Desoladamente, no areal pequeno, criaram se as condições para gramarmos ser pequenos em todos os sentidos. Resta uma sombra de grandeza no poder político que só nos faz mal. Mais valia pensarmos como os holandeses ou as gentes do Luxemburgo, onde milhares de portugueses sob a asa do Grão Duque fizeram aí uma segunda vida de oportunidades aqui perdidas.
O tempo é duro e a festa continua. Faz me lembrar os quadros de Brughel, onde cegos guiam cegos e a festança da abundância se vê nas danças de aldeia. Acontece que vivemos cada vez mais no asfalto: as florestas arderam, a chuva não cai, as pescas desaparecem, a agricultura é uma sombra, as indústrias deslocalizam se, os sindicatos fazem profissão de fé na estupidez convicta, o eleitorado entende que o «trotskismo» fictício de uma elite de ricaços e académicos é uma opção válida no século XXI...

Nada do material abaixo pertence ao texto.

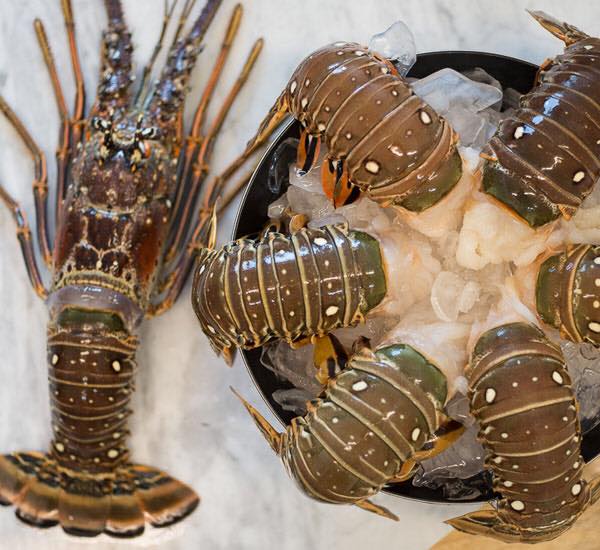Famous for its sweet and tender meat, the Keys’ spiny lobster often is served steamed with drawn butter, paired with a seasoned stuffing or in innovative dishes conceived by local chefs.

O tempo vai tornar se mais duro seja o governo qual for. Nem os iluminados poderão resolver as coisas. Os problemas são muito antigos e têm raízes em séculos de imbecilidade militante, agravados com o golpe de Estado despesista do 25 de Abril. Pouco importam os hinos com trompas e tambores a determinadas datas e a certos homens. Os que estão ainda acordados no marasmo geral sabem isso de ciência certa. Os sons produzidos estão destinados a desafinar, os homens a irem para as tumbas e a História a ser reescrita.
Só há uma coisa que lamento. É não estar aqui para ver o aproximar do crepúsculo. Talvez ainda conseguíssemos, nesse tempo, bebendo um bom vinho tinto, ouvir uma marcha fúnebre de Mahler ou uma marcha de pompa e circunstância de Sir Edward Elgar.

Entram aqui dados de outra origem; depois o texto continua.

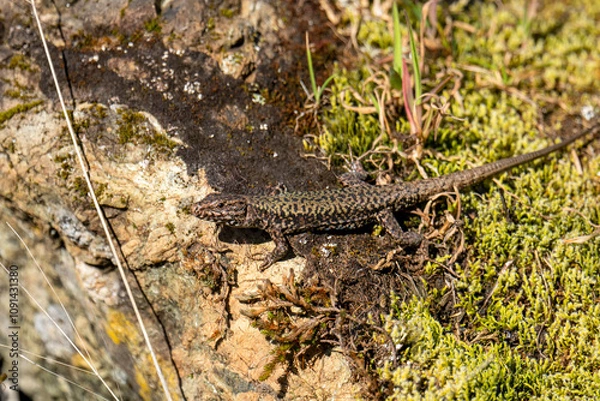 Obraz Lizard sunbathing on rock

Claro que todos lamentamos que isto se tenha transformado num lugar para presidentes de conselhos de administração, presidentes da república, ministros, secretários de Estado, directores gerais, deputados e quejanda gente da mesma tribo ou da mesma loja. É sobretudo muito mau que não tenham a mínima ideia do que é uma República coisa que os romanos já sabiam perfeitamente antes da Ditadura de César e do Império de Augusto, ou seja, antes de Cristo. Que pena: se a alma é pequena e continuarmos a chorar os mortos é porque os vivos nada fizeram para o merecer.